Ed. note: Please click on the charts to see larger version.
There seems to be a lot of conflict among folks attempting to make plans for the future. I think the basic cause is different views regarding where we are headed, and how fast changes may take place.
The most popular view among the general public, including research scientists, is that growth will continue practically indefinitely. Let's call this Scenario A. This forecast by Price Waterhouse Coopers might be typical of what one would expect:
Figure 1. Expected base case GDP and population growth to 2050 from Price Waterhouse Coopers report
These growth rates don't look all that high when presented on an annual basis, but they really add up over time. At an annual growth rate of 7.6%, India's GDP in 2050 can be expected to be 27 times its real GDP in 2005. At an annual growth rate of 0.8% per year, by 2050, India's population can be expected to 43% higher than in 2005.
A second scenario, which I call Scenario B, is one that is held by quite a number of people who have been studying oil and gas depletion models. It is focused on an expectation that oil and gas production in the future will follow a pattern such as this one prepared by Colin Campbell, taken from the April 2009 ASPO-Ireland Newsletter.
Figure 2. Forecast by Colin Campbell of future oil and gas production, made in April 2009
Note that in this scenario oil production starts dropping off about now by about 2% a year.

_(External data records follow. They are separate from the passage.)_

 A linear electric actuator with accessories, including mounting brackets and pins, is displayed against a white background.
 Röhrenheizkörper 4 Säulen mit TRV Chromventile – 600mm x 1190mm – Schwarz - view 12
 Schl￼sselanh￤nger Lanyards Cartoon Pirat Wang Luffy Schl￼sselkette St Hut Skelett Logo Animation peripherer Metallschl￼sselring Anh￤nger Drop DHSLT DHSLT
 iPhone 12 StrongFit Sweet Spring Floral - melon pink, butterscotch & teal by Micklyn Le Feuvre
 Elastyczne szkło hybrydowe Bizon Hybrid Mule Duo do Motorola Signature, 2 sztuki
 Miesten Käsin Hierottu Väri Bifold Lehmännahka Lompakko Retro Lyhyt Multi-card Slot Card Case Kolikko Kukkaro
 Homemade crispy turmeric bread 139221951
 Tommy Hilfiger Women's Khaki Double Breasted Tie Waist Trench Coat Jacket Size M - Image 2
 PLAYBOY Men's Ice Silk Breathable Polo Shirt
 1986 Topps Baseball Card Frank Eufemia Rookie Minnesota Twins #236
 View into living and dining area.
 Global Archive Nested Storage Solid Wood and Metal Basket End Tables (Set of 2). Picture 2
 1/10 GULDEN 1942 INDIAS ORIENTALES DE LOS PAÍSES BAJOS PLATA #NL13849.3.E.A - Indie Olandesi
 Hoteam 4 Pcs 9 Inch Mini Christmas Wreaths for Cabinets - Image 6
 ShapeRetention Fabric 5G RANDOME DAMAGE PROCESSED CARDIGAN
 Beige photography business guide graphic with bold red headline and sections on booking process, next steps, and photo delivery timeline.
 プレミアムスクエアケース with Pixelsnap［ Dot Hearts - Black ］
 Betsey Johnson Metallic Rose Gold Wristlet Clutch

Natural gas production doesn't drop off as quickly. Substitutes, such as ethanol and coal aren't shown on the chart, but many think they will help cushion the decline. With this view, the big concern is adapting to having a little less oil and gas each year.
A third scenario, which I call Scenario C is a very rapid drop off in fossil fuels of all types, such as might happen if a financial crash, or a major disruption of international trade, suddenly affected world economies. This is a graph I made for an Oil Drum post in 2009:
Figure 3. One theoretically possible outcome with respect to future oil supply, if a financial crash or some other disruption should seriously disrupt our current way of making markets work.
Under this scenario, the big concern is that the exponential growth we see in many things--real GDP, bank deposits, world population--will suddenly (or perhaps over a period of, say, 20 years) come to an end, and may in fact lead to collapse. As Kenneth Boulding was quoted in saying in yesterday's post, “Anyone who believes that exponential growth can go on forever in a finite world is either a madman or an economist.”
We are depending on fossil fuels to maintain and increase our food supply. It is doubtful that with a much smaller fossil food supply, the world will be able to continue to support a population of 6.9 billion people.
The Connection between Oil Supply and World GDP
One other thing that it is helpful to understand is the apparent connection between oil use and GDP.
Figure 4. Graphic by Robert Hirsch showing the relationship between world GDP growth and oil production growth.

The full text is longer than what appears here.